The group spent most of the trip learning about the country through briefings, lectures and visits to various sites and programs.
The delegation of 13 included academicians, clergy, state legislators, a state Supreme Court judge, a physician and a banker.
But one evening was devoted to a reversal of roles in which they spoke to Israelis about the experience of being black in the United States today, about black-Jewish relations and about their impressions of Israel.
The event represented an effort by Michael Oren, director of the Jerusalem office of the AJCommittee, to “break the paradigm” of typical fact-finding missions by American groups.
It was an opportunity, he said, to enrich Israelis by giving them the benefit of the visitors’ insight and experience.
AFRICAN AMERICAN COMMUNITY NOT MONOLITHIC
One visitor, Delores Kelley, a delegate from Baltimore to the Maryland General Assembly and a college English professor, stressed that the African American community is anything but monolithic.
Many African Americans, she said, “simply see Jews as more white people and (therefore) the oppressors,” and there is tension and a feeling of “envy” of achievement and success that is proportionately greater than that of their community.
Others said some African Americans feel bitter and betrayed because after years of working closely in civil rights and other coalitions, they believe Jews have “abandoned” them in the process of assimilating.
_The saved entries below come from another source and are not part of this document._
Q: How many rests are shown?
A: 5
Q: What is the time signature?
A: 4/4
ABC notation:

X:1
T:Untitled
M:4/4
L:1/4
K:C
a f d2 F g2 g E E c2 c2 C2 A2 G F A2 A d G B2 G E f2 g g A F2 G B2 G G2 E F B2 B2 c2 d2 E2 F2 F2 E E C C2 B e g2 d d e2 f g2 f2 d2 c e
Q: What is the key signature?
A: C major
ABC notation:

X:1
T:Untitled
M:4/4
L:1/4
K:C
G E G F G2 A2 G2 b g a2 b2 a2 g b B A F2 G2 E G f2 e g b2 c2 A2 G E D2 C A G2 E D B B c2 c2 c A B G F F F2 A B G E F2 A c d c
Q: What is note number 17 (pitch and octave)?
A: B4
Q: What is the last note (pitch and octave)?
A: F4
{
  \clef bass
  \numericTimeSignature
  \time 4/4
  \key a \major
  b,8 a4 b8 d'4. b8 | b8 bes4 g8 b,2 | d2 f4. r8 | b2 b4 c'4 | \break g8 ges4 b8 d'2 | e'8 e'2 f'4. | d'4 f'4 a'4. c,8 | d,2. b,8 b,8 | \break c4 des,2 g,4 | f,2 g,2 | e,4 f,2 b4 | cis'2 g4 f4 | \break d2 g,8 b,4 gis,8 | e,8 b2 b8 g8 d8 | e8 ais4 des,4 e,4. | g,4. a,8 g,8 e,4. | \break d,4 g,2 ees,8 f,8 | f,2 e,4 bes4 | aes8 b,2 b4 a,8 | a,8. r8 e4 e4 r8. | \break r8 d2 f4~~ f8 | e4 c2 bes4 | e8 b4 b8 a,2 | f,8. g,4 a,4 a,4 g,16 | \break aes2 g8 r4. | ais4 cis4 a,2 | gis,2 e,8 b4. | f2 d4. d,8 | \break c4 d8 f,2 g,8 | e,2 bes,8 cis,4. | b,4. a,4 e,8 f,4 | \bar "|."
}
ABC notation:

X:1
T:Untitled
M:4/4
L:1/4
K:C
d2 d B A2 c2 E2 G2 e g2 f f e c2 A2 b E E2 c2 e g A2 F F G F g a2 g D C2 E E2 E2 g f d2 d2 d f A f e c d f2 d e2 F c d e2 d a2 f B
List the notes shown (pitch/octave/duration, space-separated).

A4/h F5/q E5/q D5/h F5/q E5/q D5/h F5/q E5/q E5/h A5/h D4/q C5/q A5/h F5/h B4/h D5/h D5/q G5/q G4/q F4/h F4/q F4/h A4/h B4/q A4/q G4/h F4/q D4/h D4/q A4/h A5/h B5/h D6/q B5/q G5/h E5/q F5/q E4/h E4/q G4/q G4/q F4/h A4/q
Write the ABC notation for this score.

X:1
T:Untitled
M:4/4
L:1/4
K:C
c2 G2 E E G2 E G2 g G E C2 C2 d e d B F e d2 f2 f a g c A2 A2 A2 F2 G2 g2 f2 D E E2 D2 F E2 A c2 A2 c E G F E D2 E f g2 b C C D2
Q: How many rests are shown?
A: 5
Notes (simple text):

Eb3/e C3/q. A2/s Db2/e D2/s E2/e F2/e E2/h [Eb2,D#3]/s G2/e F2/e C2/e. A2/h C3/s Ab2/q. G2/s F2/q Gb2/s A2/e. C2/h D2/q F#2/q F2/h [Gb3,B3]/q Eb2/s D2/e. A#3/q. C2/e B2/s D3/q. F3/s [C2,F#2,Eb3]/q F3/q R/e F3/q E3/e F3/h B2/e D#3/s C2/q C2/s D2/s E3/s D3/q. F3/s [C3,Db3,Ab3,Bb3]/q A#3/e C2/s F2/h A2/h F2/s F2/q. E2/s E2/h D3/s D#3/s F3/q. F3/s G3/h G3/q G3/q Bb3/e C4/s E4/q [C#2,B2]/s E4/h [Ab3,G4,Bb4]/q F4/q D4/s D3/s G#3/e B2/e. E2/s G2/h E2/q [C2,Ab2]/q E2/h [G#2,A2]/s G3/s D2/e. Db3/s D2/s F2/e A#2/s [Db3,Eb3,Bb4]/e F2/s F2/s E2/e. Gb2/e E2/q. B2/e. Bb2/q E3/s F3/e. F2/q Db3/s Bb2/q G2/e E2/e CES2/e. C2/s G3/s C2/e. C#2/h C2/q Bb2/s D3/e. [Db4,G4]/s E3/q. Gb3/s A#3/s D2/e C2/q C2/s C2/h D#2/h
But many, said Kelley, still feel a sense of commonality. Many share the Jewish vision of God, “the God of Abraham, Isaac and Jacob,” and the “calling” to “repair the world, do justice and show mercy.”
And many identify with the Jewish experience and history of suffering, persecution, exile and homeland, she said. “We also had wandering and are a diaspora people.”
For this reason and because of the strong historic political coalitions between African Americans and Jews, segments of the African American community have been some of the staunchest supporters of U.S. aid to Israel, she said.
The Congressional Black Caucus is only one example, she observed.
But for some, she noted, such support is difficult, given the paltry aid given to places like Black Africa, Haiti and the urban centers of America.
There also has been a trend during the intifada to identify with the Arabs in the territories, said Kelley, “based on the nightly news reports” from Israel that suggest “darker-colored people are discriminated against (and) have no civil rights.”
She said many African Americans who rely only on electronic media therefore retain a superficial “snapshot” impression of the situation here.
“Most of us on the trip knew of the complexity already, but this trip has reinforced it,” she said.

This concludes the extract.